◆ WHAT YOU NEED TO DO ◆
The lines to extract run from the start of the records through the line with "Grilled Vegetable Salad", both ends included; drop the pictures.

◆ DATA TO USE ◆
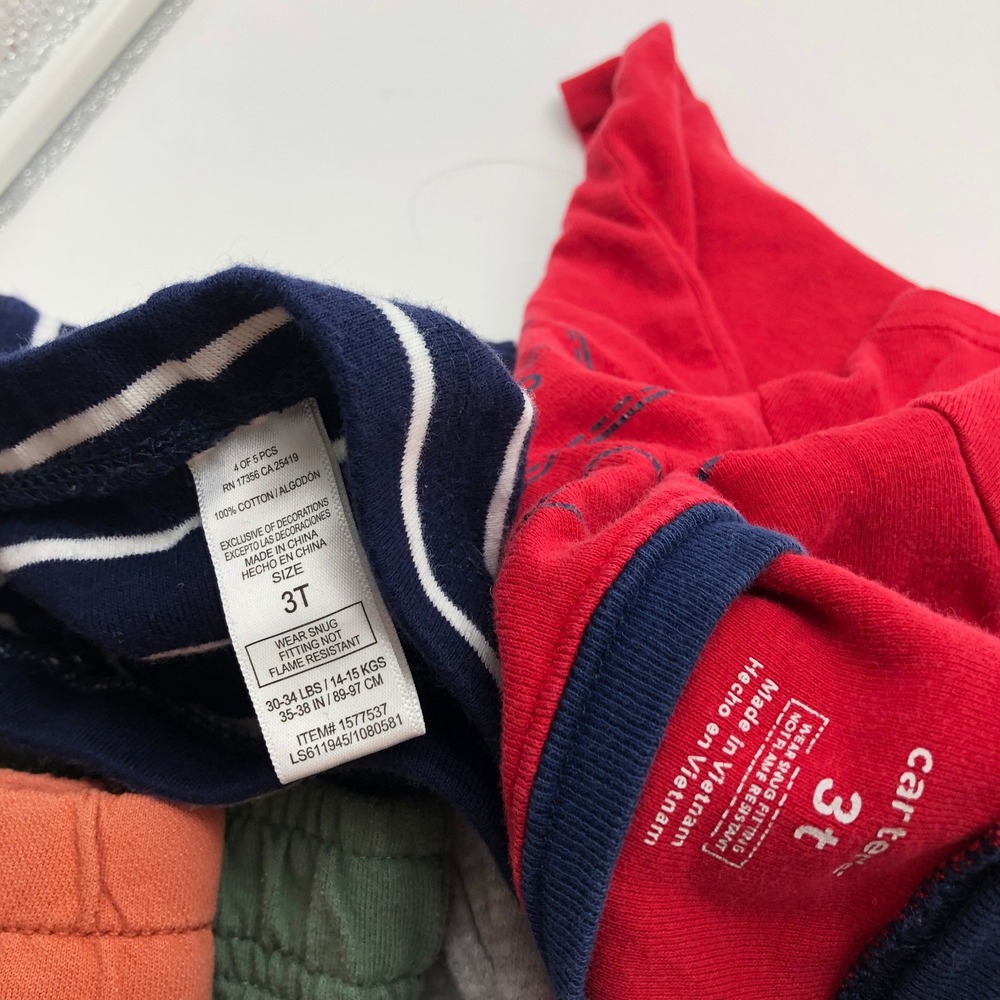 Boys 3T Sweat Shorts BUNDLE Spring Summer Lounge Pajama Mixed Brand - Picture 7 of 7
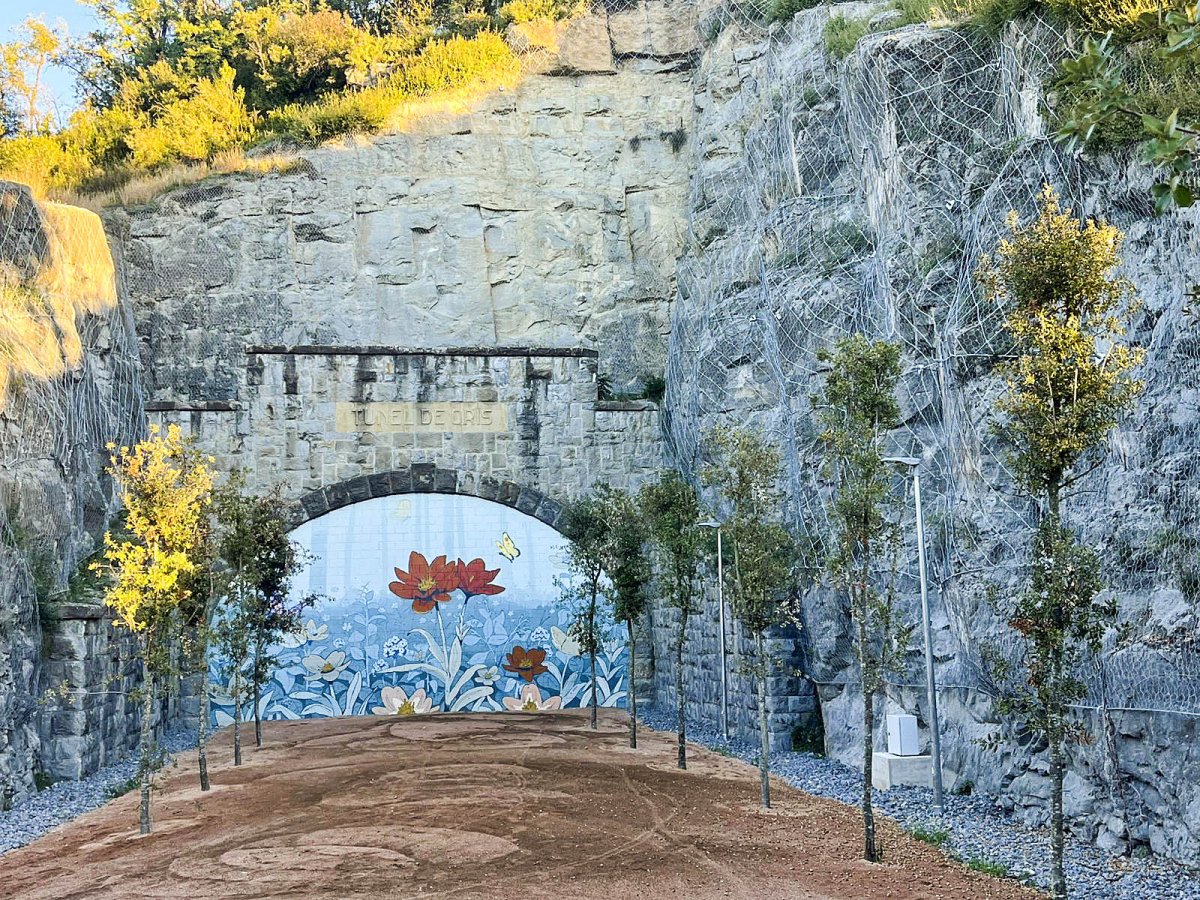 Inicialment no es preveia el grafit que ha acabat decorant la boca del túnel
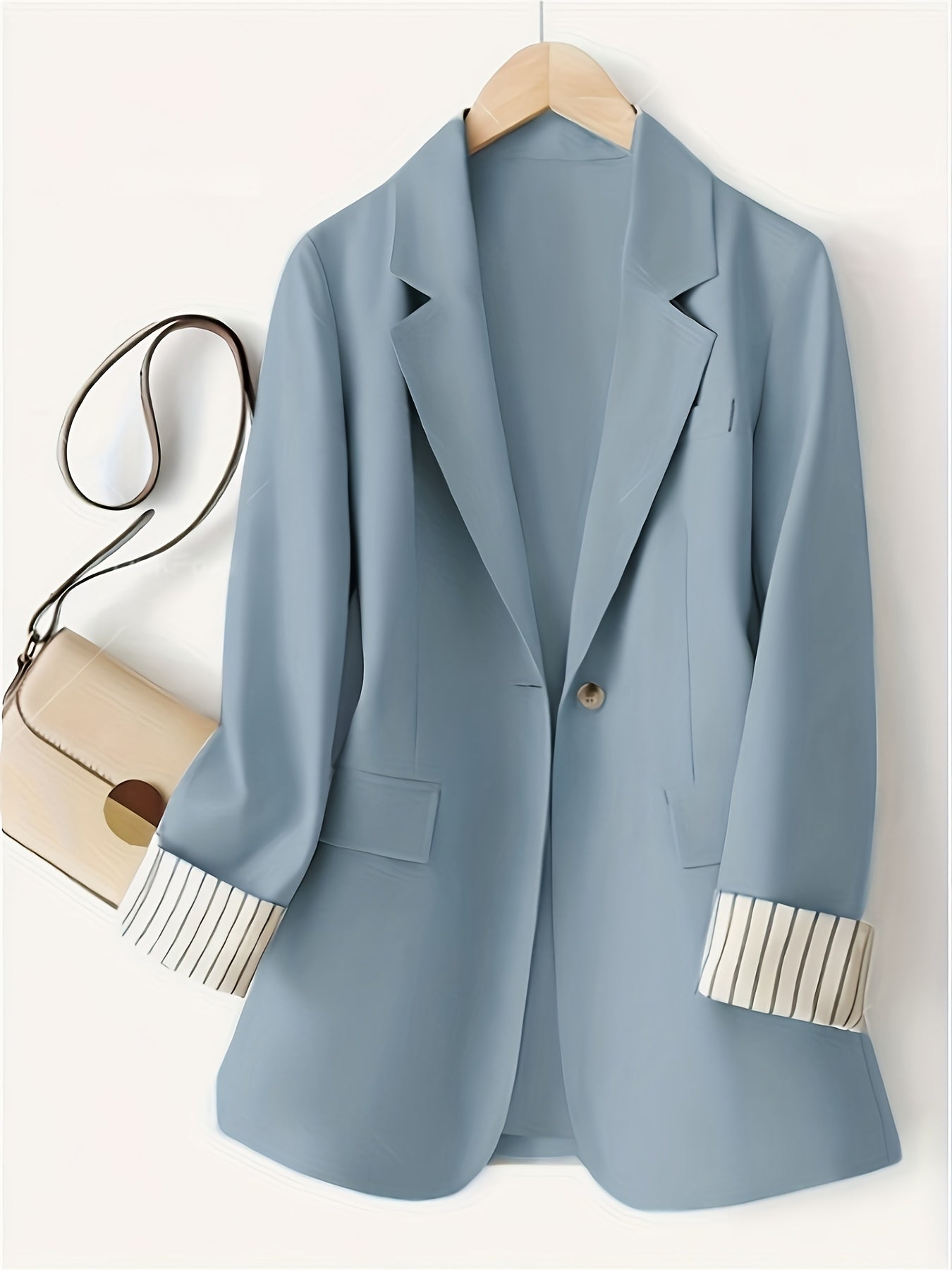Visconte | Dames Jas | Polyester, gestreept patchwork design, knopen en manchetten, all-season jacket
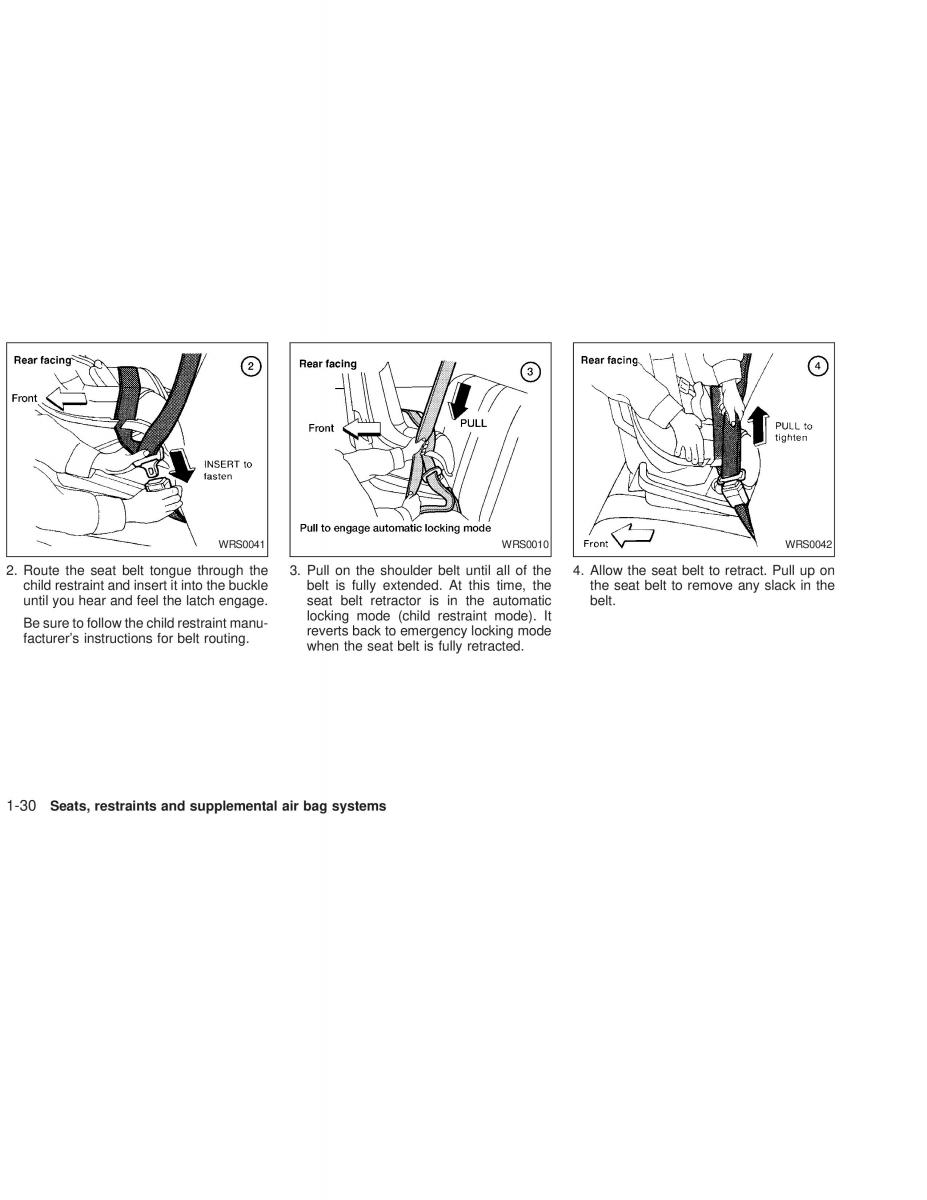 manual Nissan Sunny Sentra N16 owners manual page 37 - pdf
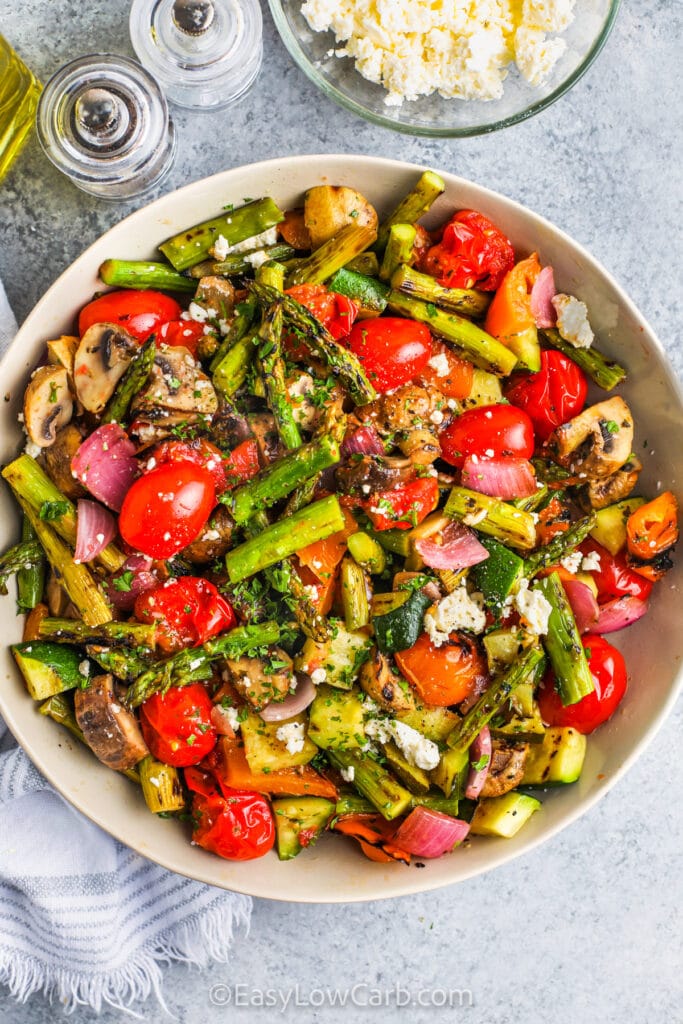 Grilled Vegetable Salad (Flavorful & Crisp!) - Easy Low Carb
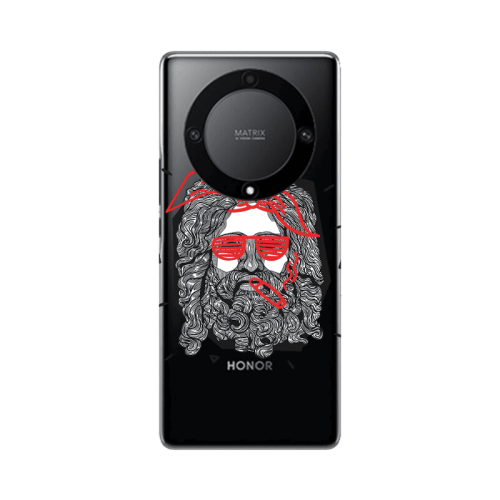 Honor Magic5 Lite 5G Cool glasses Transparent Silicone TPU Θήκη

◆ WORKED SOLUTION ◆
 Boys 3T Sweat Shorts BUNDLE Spring Summer Lounge Pajama Mixed Brand - Picture 7 of 7
 Inicialment no es preveia el grafit que ha acabat decorant la boca del túnel
Visconte | Dames Jas | Polyester, gestreept patchwork design, knopen en manchetten, all-season jacket
 manual Nissan Sunny Sentra N16 owners manual page 37 - pdf
 Grilled Vegetable Salad (Flavorful & Crisp!) - Easy Low Carb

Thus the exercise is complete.